Try it → Go through the listing below and return every line exactly.

Input data →
○ ○ ○ ○

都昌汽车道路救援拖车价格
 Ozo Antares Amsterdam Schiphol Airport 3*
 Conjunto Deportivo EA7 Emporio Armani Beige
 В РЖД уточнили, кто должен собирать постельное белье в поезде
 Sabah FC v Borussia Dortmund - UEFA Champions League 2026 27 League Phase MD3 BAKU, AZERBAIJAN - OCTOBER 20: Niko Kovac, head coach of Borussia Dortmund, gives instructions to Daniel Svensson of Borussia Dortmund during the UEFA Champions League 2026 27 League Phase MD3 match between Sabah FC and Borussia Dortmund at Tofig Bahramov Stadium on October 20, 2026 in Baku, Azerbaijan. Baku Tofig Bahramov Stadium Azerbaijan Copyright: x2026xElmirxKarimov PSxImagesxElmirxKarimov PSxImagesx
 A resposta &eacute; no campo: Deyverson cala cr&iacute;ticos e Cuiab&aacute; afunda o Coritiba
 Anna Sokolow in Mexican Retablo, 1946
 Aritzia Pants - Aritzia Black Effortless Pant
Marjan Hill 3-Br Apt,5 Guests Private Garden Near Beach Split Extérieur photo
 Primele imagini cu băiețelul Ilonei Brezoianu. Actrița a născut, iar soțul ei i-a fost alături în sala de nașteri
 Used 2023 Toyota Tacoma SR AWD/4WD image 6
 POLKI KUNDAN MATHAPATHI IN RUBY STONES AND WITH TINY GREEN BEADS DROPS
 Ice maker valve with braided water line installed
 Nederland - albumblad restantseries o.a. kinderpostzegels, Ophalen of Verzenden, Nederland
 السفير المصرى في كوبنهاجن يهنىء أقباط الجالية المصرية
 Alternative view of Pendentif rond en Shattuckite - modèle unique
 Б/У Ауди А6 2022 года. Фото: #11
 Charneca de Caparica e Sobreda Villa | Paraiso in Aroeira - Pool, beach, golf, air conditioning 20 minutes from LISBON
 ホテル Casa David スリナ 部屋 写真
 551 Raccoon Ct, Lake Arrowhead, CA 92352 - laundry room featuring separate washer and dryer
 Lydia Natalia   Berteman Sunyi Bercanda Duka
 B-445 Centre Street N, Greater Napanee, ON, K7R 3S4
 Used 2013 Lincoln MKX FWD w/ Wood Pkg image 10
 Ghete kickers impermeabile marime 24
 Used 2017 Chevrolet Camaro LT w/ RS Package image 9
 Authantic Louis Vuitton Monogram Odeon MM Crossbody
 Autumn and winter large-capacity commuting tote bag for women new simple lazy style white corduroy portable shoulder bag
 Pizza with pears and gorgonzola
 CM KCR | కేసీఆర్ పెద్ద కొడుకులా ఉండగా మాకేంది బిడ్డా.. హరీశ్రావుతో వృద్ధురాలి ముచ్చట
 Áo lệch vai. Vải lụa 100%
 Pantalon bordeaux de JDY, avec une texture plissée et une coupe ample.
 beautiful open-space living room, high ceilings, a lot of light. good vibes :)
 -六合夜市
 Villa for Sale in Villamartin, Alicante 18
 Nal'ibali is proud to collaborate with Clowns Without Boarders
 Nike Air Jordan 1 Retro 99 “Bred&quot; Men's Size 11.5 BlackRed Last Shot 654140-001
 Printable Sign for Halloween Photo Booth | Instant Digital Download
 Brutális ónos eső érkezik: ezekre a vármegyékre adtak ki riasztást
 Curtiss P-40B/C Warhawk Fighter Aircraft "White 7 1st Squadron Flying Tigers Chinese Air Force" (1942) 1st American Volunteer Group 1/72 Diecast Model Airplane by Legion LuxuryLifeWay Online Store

○ ○ ○ ○

Exercise output →
都昌汽车道路救援拖车价格
 Ozo Antares Amsterdam Schiphol Airport 3*
 Conjunto Deportivo EA7 Emporio Armani Beige
 В РЖД уточнили, кто должен собирать постельное белье в поезде
 Sabah FC v Borussia Dortmund - UEFA Champions League 2026 27 League Phase MD3 BAKU, AZERBAIJAN - OCTOBER 20: Niko Kovac, head coach of Borussia Dortmund, gives instructions to Daniel Svensson of Borussia Dortmund during the UEFA Champions League 2026 27 League Phase MD3 match between Sabah FC and Borussia Dortmund at Tofig Bahramov Stadium on October 20, 2026 in Baku, Azerbaijan. Baku Tofig Bahramov Stadium Azerbaijan Copyright: x2026xElmirxKarimov PSxImagesxElmirxKarimov PSxImagesx
 A resposta &eacute; no campo: Deyverson cala cr&iacute;ticos e Cuiab&aacute; afunda o Coritiba
 Anna Sokolow in Mexican Retablo, 1946
 Aritzia Pants - Aritzia Black Effortless Pant
Marjan Hill 3-Br Apt,5 Guests Private Garden Near Beach Split Extérieur photo
 Primele imagini cu băiețelul Ilonei Brezoianu. Actrița a născut, iar soțul ei i-a fost alături în sala de nașteri
 Used 2023 Toyota Tacoma SR AWD/4WD image 6
 POLKI KUNDAN MATHAPATHI IN RUBY STONES AND WITH TINY GREEN BEADS DROPS
 Ice maker valve with braided water line installed
 Nederland - albumblad restantseries o.a. kinderpostzegels, Ophalen of Verzenden, Nederland
 السفير المصرى في كوبنهاجن يهنىء أقباط الجالية المصرية
 Alternative view of Pendentif rond en Shattuckite - modèle unique
 Б/У Ауди А6 2022 года. Фото: #11
 Charneca de Caparica e Sobreda Villa | Paraiso in Aroeira - Pool, beach, golf, air conditioning 20 minutes from LISBON
 ホテル Casa David スリナ 部屋 写真
 551 Raccoon Ct, Lake Arrowhead, CA 92352 - laundry room featuring separate washer and dryer
 Lydia Natalia   Berteman Sunyi Bercanda Duka
 B-445 Centre Street N, Greater Napanee, ON, K7R 3S4
 Used 2013 Lincoln MKX FWD w/ Wood Pkg image 10
 Ghete kickers impermeabile marime 24
 Used 2017 Chevrolet Camaro LT w/ RS Package image 9
 Authantic Louis Vuitton Monogram Odeon MM Crossbody
 Autumn and winter large-capacity commuting tote bag for women new simple lazy style white corduroy portable shoulder bag
 Pizza with pears and gorgonzola
 CM KCR | కేసీఆర్ పెద్ద కొడుకులా ఉండగా మాకేంది బిడ్డా.. హరీశ్రావుతో వృద్ధురాలి ముచ్చట
 Áo lệch vai. Vải lụa 100%
 Pantalon bordeaux de JDY, avec une texture plissée et une coupe ample.
 beautiful open-space living room, high ceilings, a lot of light. good vibes :)
 -六合夜市
 Villa for Sale in Villamartin, Alicante 18
 Nal'ibali is proud to collaborate with Clowns Without Boarders
 Nike Air Jordan 1 Retro 99 “Bred&quot; Men's Size 11.5 BlackRed Last Shot 654140-001
 Printable Sign for Halloween Photo Booth | Instant Digital Download
 Brutális ónos eső érkezik: ezekre a vármegyékre adtak ki riasztást
 Curtiss P-40B/C Warhawk Fighter Aircraft "White 7 1st Squadron Flying Tigers Chinese Air Force" (1942) 1st American Volunteer Group 1/72 Diecast Model Airplane by Legion LuxuryLifeWay Online Store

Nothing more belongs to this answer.